- Saudi embassy's pvt firm appointment for visa processing aggravates recruiters
- They say third party involvement will push up migration costs
- Besides, it will result in manpower export syndication to the gulf country
- Instead of the firm, recruiters propose passport submission by their association
The Bangladesh Association of International Recruiting Agencies (Baira) announced that its members will not send the passports of migrant workers to the Embassy of Saudi Arabia from Sunday, protesting against the mission's appointment of a private firm to handle the visa application process.
"None of us will submit the passports until the decision of the Royal Embassy of Saudi Arabia to submit passports through a third party is withdrawn," said Baira President Mohammad Abul Baser after an emergency meeting of the association in Dhaka on Saturday.
All the members of the association agreed to the decision, as they alleged appointing a third party to handle the visa applications will eventually spoil the labour market in the gulf country.
On 7 October, the Saudi embassy in Dhaka said it will not receive the workers' passports from the recruiting agencies directly from 15 October. Instead, the passports will have to be submitted through a private firm named "Shapla Centre".
Local recruiting agencies say they were able to submit the passports to the embassy without any fees. But the private firm will charge a fee that will ultimately push up the migration costs.
"We want the syndicate and drop box in the guise of Shapla Centre collapse," said Hasanur Rahman, owner of a recruiting agency.
Saudi Arabia is the major manpower destination for Bangladesh. Riyadh accounts for more than 32% of Bangladesh's labour export – the country's second largest forex earning source after the readymade garment sector. More than 20% of Bangladesh's remittances come from the gulf country.
In 2021, at least 4.57 lakh Bangladeshi nationals went to Saudi Arabia.

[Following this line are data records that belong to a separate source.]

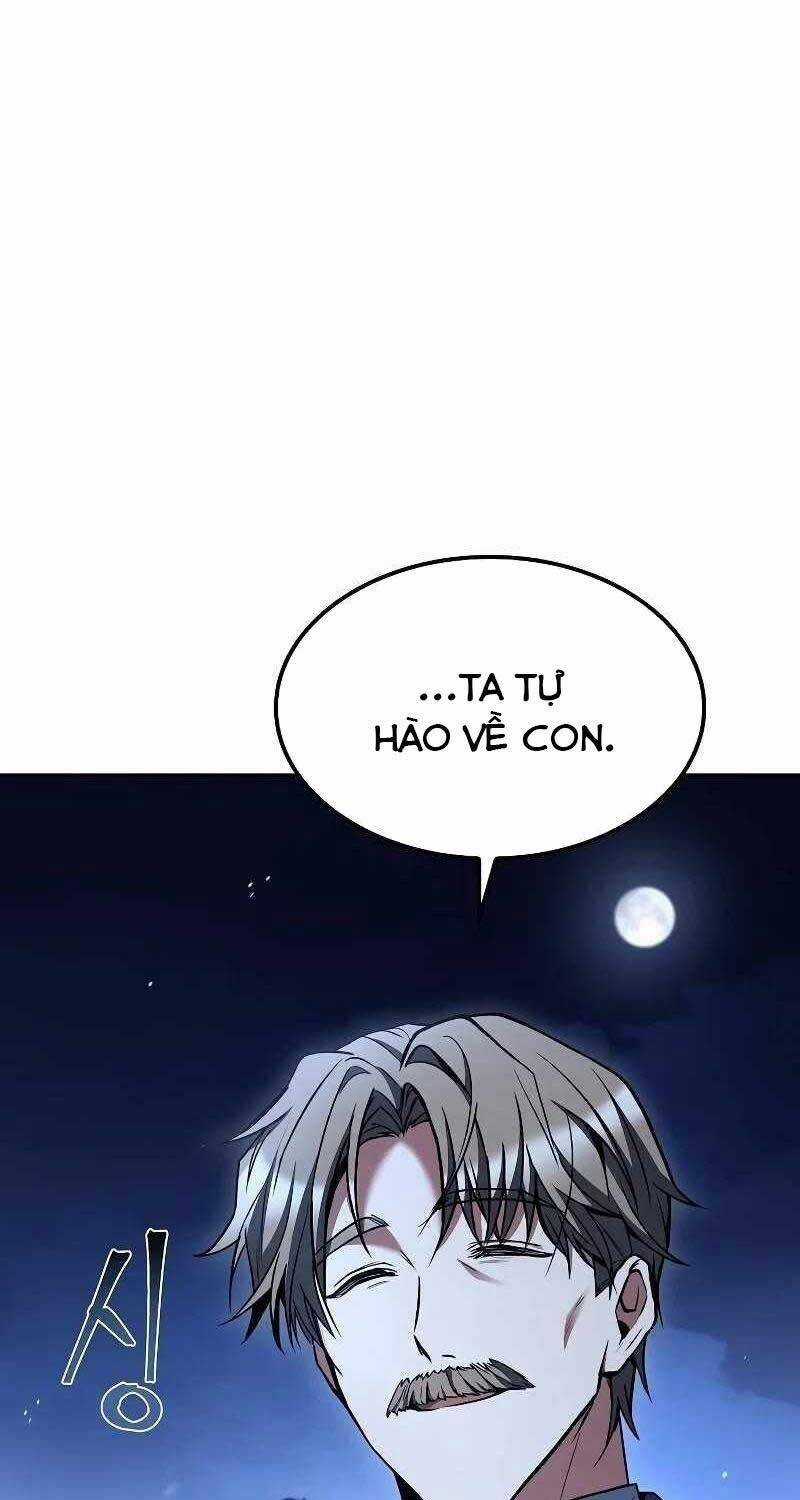 Đại Pháp Sư Mở Nhà Hàng Chương 57 trang 53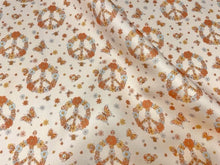 Load image into Gallery viewer, il_fullxfull.5270138433_3j95
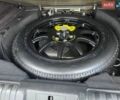Чорний Ленд Ровер Range Rover Sport, об'ємом двигуна 3 л та пробігом 251 тис. км за 43777 $, фото 59 на Automoto.ua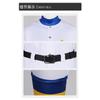 Eijun Sawamura & Satoru Furuya Baseball Cosplay Uniform, Ace of Diamond Anime Performance Outfit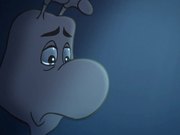 Firefly - a Desperate Journey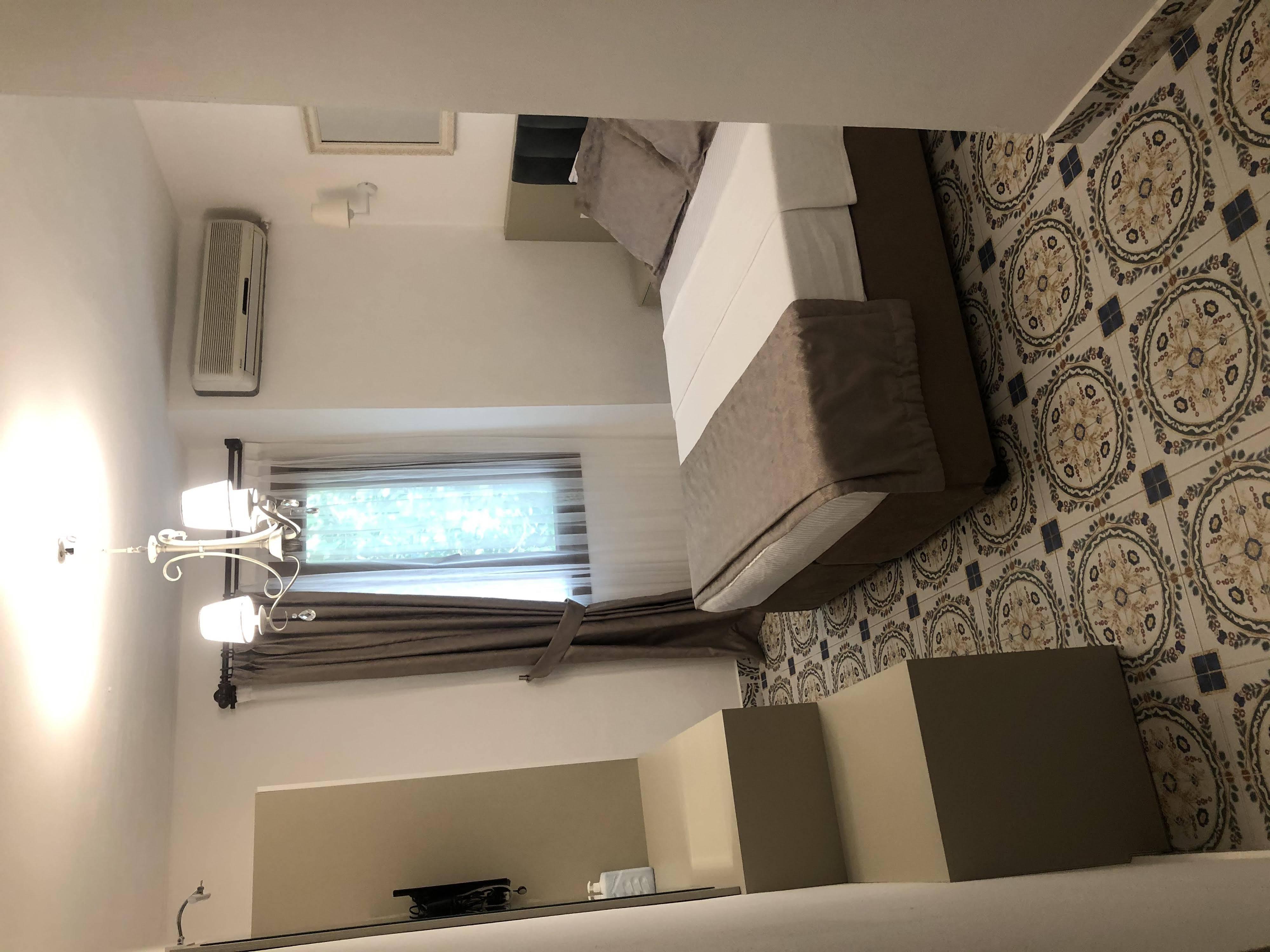 Evren Butik Hotel Bozcaada Island Ngoại thất bức ảnh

Mohammad Abul Baser said the mission's third party appointment for sourcing manpower from Bangladesh will hurt Baira, the overall labour export outlook as well.
Suspecting a conspiracy behind the embassy's move, he said, "Someone must have a motive here. Otherwise, the Saudi embassy cannot do something like this on its own."
If required, the recruiting agencies said that the passports could be submitted through the association. But they will not allow the third party in the process.
Referring to the embassy, the Baira president said, "If the passport glut causes trouble, you could leave it to us. To tackle the queues of the workers, we could set up an establishment at our own cost anywhere you prefer."
He said the association gave the proposals to the counsellor of the embassy, but did not receive any reply.
Abul Baser said they informed the foreign ministry about the issue and sought a solution, but to no avail.
"In India, a similar move by Riyadh to appoint a third party got thwarted in the wake of protests. If the Indian recruiting agencies can succeed in forcing Saudi Arabia to backtrack on the decision, why would we not be able to do so," he added.